■ PROBLEM TO WORK ON:
Locate "Hàng chục nghìn" in the listing. Transcribe the line that contains it and every line that follows, through the last, omitting all pictures.

=== DATA SEGMENT ===

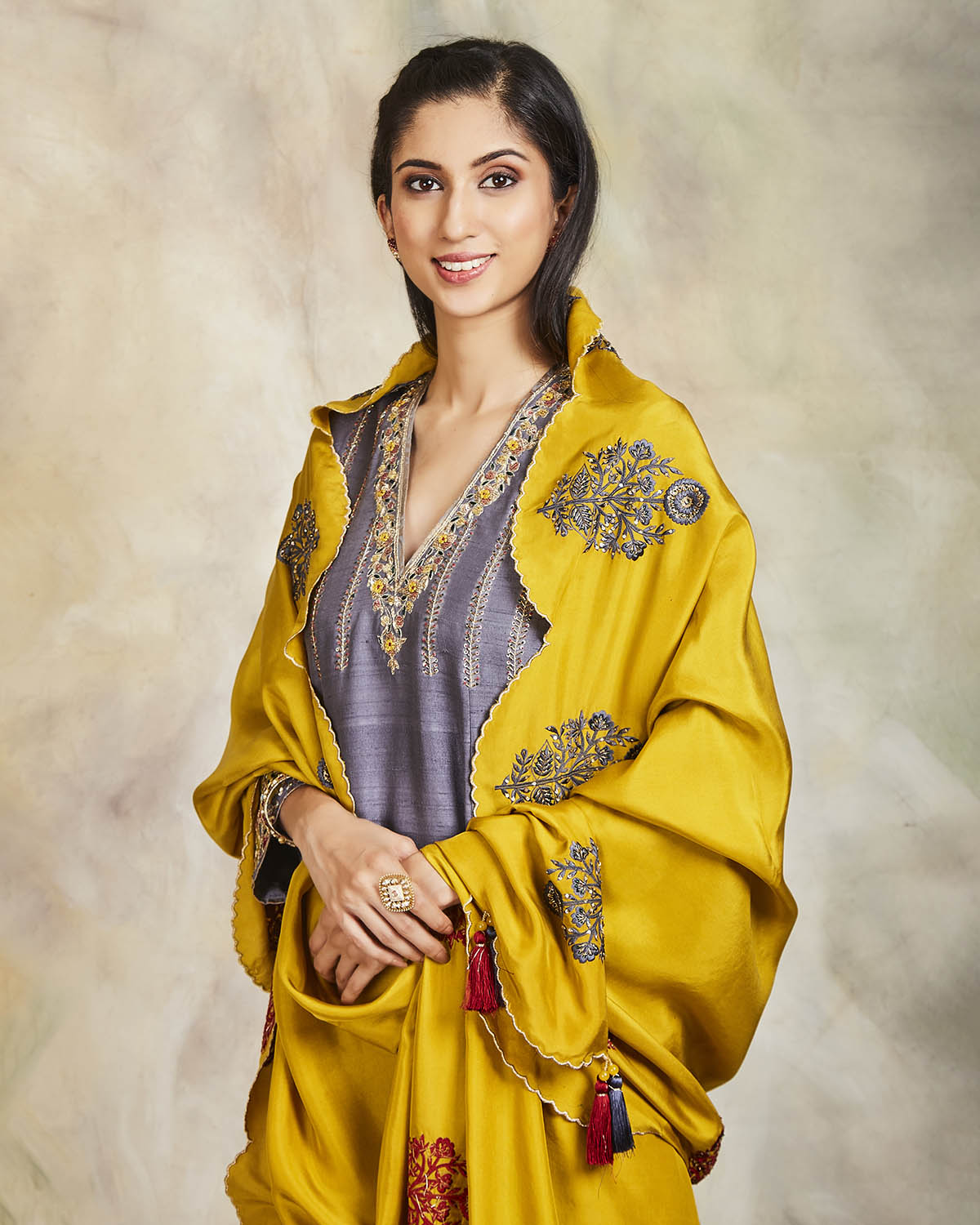 surmayi kurta set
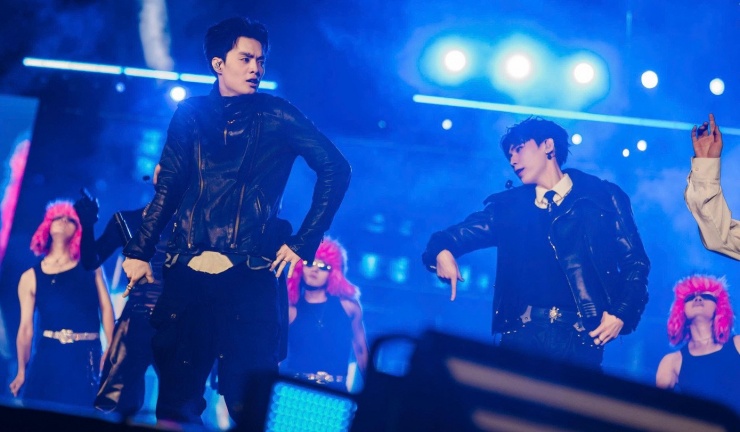 Hàng chục nghìn người đi xem 30 anh trai và các em xinh - 37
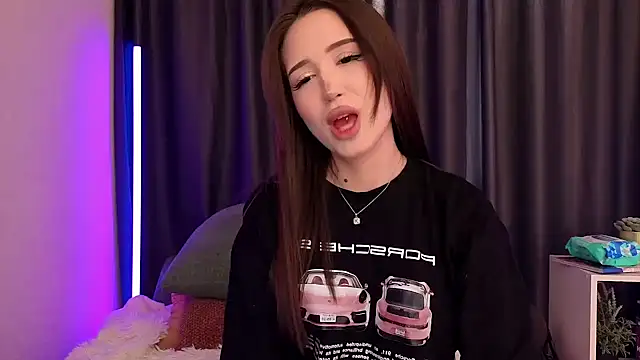 Snapshot of BlackEyesGirl chatting on April 8, 2026, 6:26 am BlackEyesGirl online show from April 8, 2026, 6:26 am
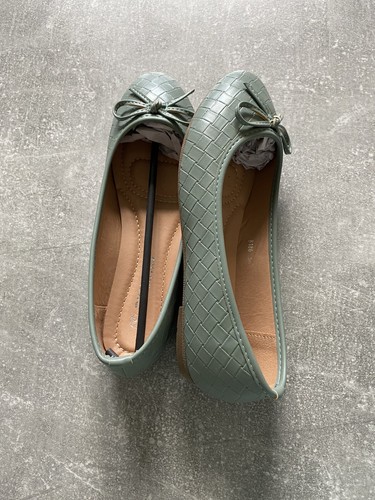 Ladies Green Flat Shoes Size 3(36)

===

■ ANSWER TO THIS PROBLEM:
 Hàng chục nghìn người đi xem 30 anh trai và các em xinh - 37
 Snapshot of BlackEyesGirl chatting on April 8, 2026, 6:26 am BlackEyesGirl online show from April 8, 2026, 6:26 am
 Ladies Green Flat Shoes Size 3(36)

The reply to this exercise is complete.